* Your objective:
Would you please set down, word for word, the lines from the one with "1/3pcs Moisture-Wicking Men'S" through the final line of the data below, omitting any pictures?

* Dataset section:
_ _ _ _
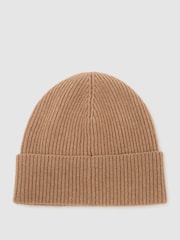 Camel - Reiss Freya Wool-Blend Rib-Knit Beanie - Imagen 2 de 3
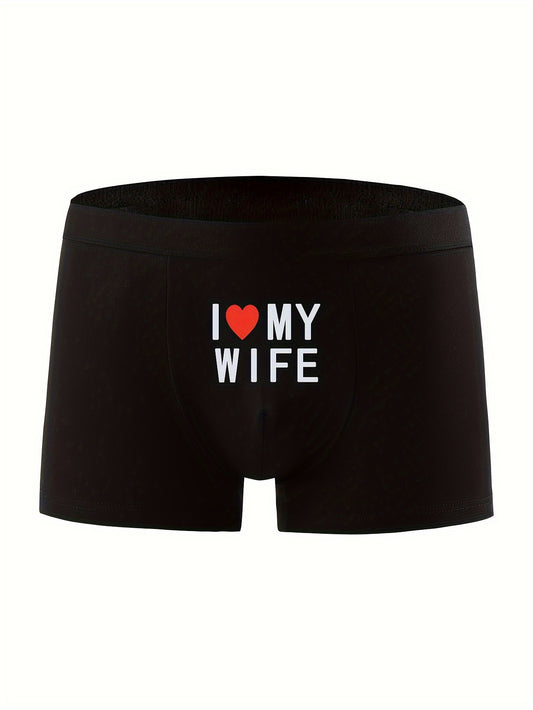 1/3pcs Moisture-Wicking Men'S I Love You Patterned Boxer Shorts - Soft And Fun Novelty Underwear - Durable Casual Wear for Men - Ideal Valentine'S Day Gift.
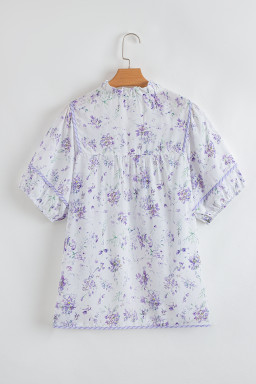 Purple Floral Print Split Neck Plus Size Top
_ _ _ _
* Task result:
 1/3pcs Moisture-Wicking Men'S I Love You Patterned Boxer Shorts - Soft And Fun Novelty Underwear - Durable Casual Wear for Men - Ideal Valentine'S Day Gift.
 Purple Floral Print Split Neck Plus Size Top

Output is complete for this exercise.